Ryszard Kapuscinski se trouvait en Ethiopie, en 1974, au moment du coup d’Etat qui mit fin à dix siècles du régime impérial et installa une dictature militaire, d’inspiration marxiste, au pouvoir. Le célèbre journaliste polonais avait déjà connu bien des coups d’Etat et ceux-ci ne lui inspiraient pas d’excitation particulière. D’une façon générale, il avait une façon d’aborder les grands événements – et les grands personnages – que l’on pourrait appeler tangentielle. Je veux dire que c’était, en effet, son métier d’ « être là » - comme c’est le métier de tout journaliste – et de « couvrir » - en l’espèce pour l’agence polonaise dont il fut pendant longtemps l’unique correspondant en Afrique.

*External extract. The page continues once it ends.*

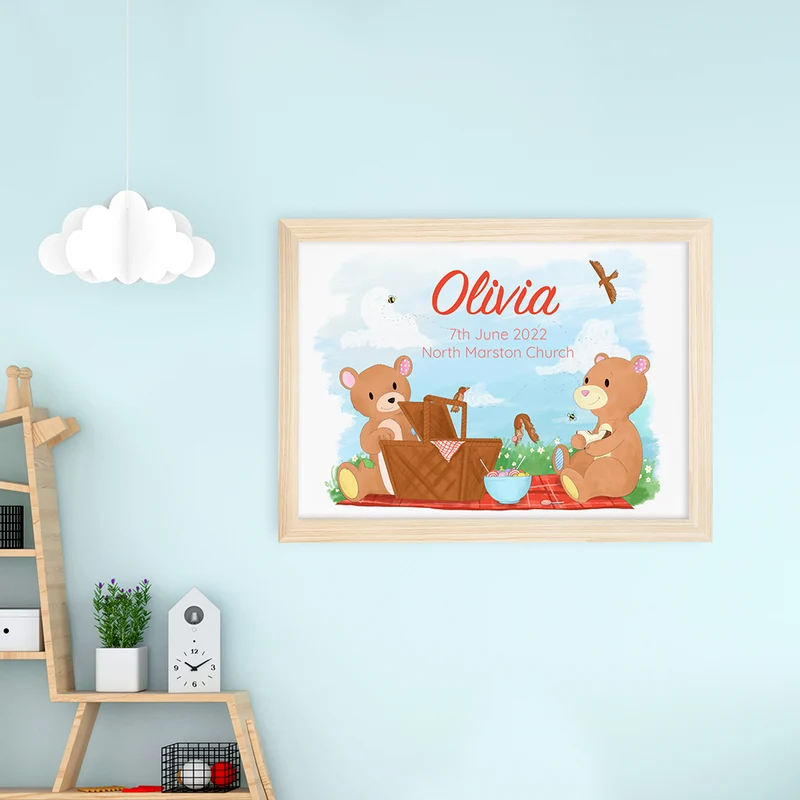 Personalised Personalised Teddy Bear Picnic Framed Print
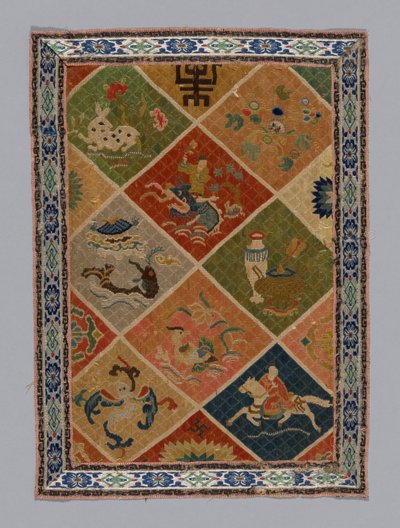 Panel Dress Fabric, China, Qing Dynasty by Unbekannt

Mais tout se passait comme si, en vue de l’entreprise plus profonde, souterraine, qui était la sienne, qui aboutissait dans les carnets de notes, et finalement ses livres, il avait exercé la préférence de se glisser à l’intérieur des événements en portant son regard sur des personnages secondaires, sous-ministres sans influence politique réelle, militaires de rang moyen, ou encore gens de la rue, figures à peine entrevues et dont un détail dans le comportement, la tenue ou la voix retenaient son attention et la faisaient intérieurement résonner, d’une façon qui ne lui était pas forcément intelligible.

Or le voici dans Addis Abeba, au milieu des chars et des soldats, dans une atmosphère qu’il connaît bien : tout se fait, tout se défait, tout est peur, tout est exaltation, on court pour trouver son destin ou bien lui échapper, des hommes émergent des caves tandis que d’autres y plongent, les prisons se vident et se remplissent, la vie d’un individu vaut ce qu’elle vaut vraiment – et ce n’est pas grand-chose. Dans ce climat, RK est pris d’une obsession, celle de reconstituer ce qu’a pu être la vie vers la fin du régime de Haïlé Selassié, le Negus renversé. Pour la documenter, il est contraint de se mettre à la poursuite non pas des dignitaires du régime, qui ont été éliminés ou sont introuvables, mais de personnages d’un rang inférieur, chambellans, serviteurs, petits fonctionnaires. Il sillonne la ville au risque de sa vie pour exhumer un passé certes récent, mais dont il a l’intuition que s’il ne l’évoque pas maintenant il va s’ensevelir définitivement. Les entrevues se déroulent dans la clandestinité, ses interlocuteurs ont peur.

Les semaines passent ; dans ces conditions difficiles il a réussi à recueillir un bon nombre de témoignages. Son obsession habituelle de la documentation a fait le reste : comme d’habitude il a lu tout ce que l’on peut lire. Rentré en Pologne, il est prêt. Ses éditeurs attendent. Et pourtant rien ne se passe : il est bloqué. Alors il lui revient à la mémoire un détail. L’un des serviteurs du Palais lui avait raconté que l’Empereur avait reçu en cadeau un chiot nain de race japonaise répondant au nom de Lulu. Se souvient-il de la célèbre injonction de Hemingway, en cas de désarroi, d’écrire une phrase, une seule, contenant une assertion vraie ? Il écrit : « C’était un chiot de race japonaise. Il s’appelait Lulu. Il avait l’autorisation de dormir dans la couche royale… » Son livre a commencé.

C’est cela l’objet central de notre excavation, et je ne suis pas sûr, de ce point de vue, que la différence entre fiction et non-fiction soit bien utile. La réalité est toujours « reconstruite » fictivement, notre imaginaire l’imprègne ; et nous sommes souvent surpris, à l’inverse, de découvrir qu’en « inventant », nous n’avons fait que redécouvrir (toujours l’exhumation) un souvenir… L’essentiel est ce trajet, intérieur, invisible, et qui peut nous être et nous rester incompréhensible, mais auquel nous devons rester disponibles, parfois pendant des semaines, parfois pendant des années, jusqu’à ce que ce détail initial jaillisse et prenne forme, autorisant de façon organique la construction de ce monde particulier, si fragile, que l’histoire va raconter.

Parfois, nous écrivons ; le reste est attente.